In the musical words of Stephen Foster: "'Tis a sigh that is wafted across the troubled wave / 'Tis a wail that is heard upon the shore / 'Tis a dirge that is murmured around the lowly grave / Oh! Hard Times come again no more..." If hardship can mean trouble, then can hard times lead to "troubleship"? I love unintended neologisms like that one, which I heard somebody say on TV the other night: "We have enough troubleship with social media right now..." Such solecisms seem to me more fanciful than troubling, really, and not all that hard to parse.
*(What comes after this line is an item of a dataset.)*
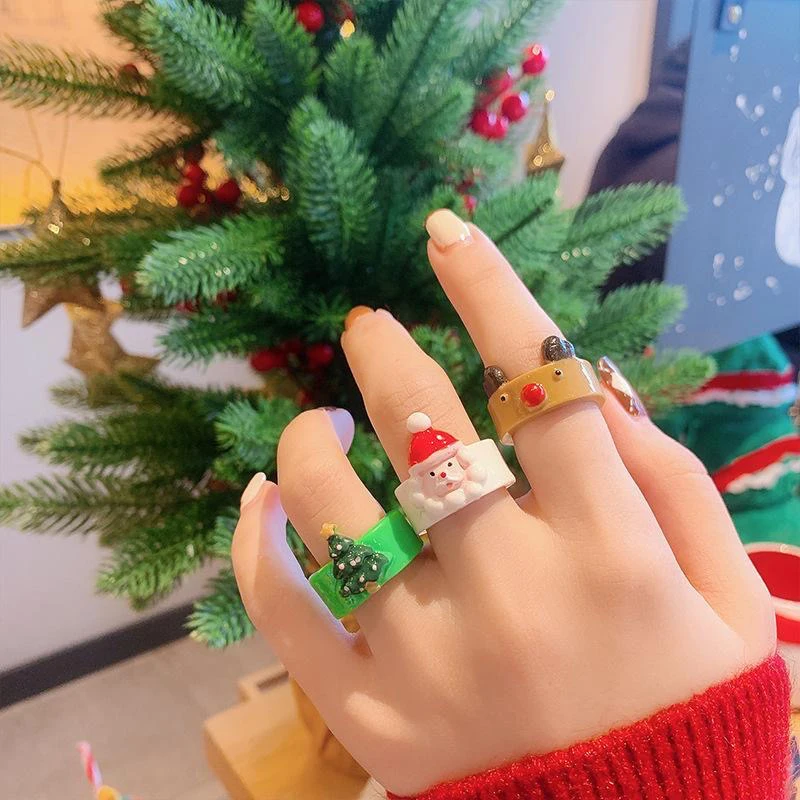 

Cute Cartoon Christmas Rings Santa Claus Elk Bell Christmas Tree Resin Finger Ring for Women Girls Christmas Gift Wholesale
I've dubbed these semantical mash-ups and mix-ups "conflated idioms" and, not to go looking for trouble, but I have started keeping a little list, which currently includes the following: to churn (i.e., turn) one's stomach (actually, some say these two are synonymous, while others say only the contents of one's stomach churn, while things outside the stomach turn it); to pan (palm? hand? pawn?) something off; to pony over (pony up/fork over); to rake up (i.e., rake in/shore up?); "that was the crutch of their case" (crux/using something as a crutch); "I think I hit a fine tooth there" (hit a nerve/teeth have nerves/a fine-tooth comb?); "vanished into thin blue air" (this one could be legit, but to me it seems like it should be either vanished into thin air, or out of the blue); "You're trying to pull one over on me" (put one over on me/pull the wool over my eyes); "the two families were quick friends" (the speaker said they had made friends quickly, then referred to them as "fast friends"); to toy around with (toy with/play around with), etc., etc. Bubble, bubble, toil, and touble*! There were 16 cases of our typo here making trouble in OhioLINK, and 196 in WorldCat.

(Ships in Distress in a Heavy Storm, also known as The man-of-war 'Ridderschap' and 'Hollandia' on the rocks during a storm in the Strait of Gibraltar, by Ludolf Bakhuizen, circa 1690, from Wikimedia Commons.)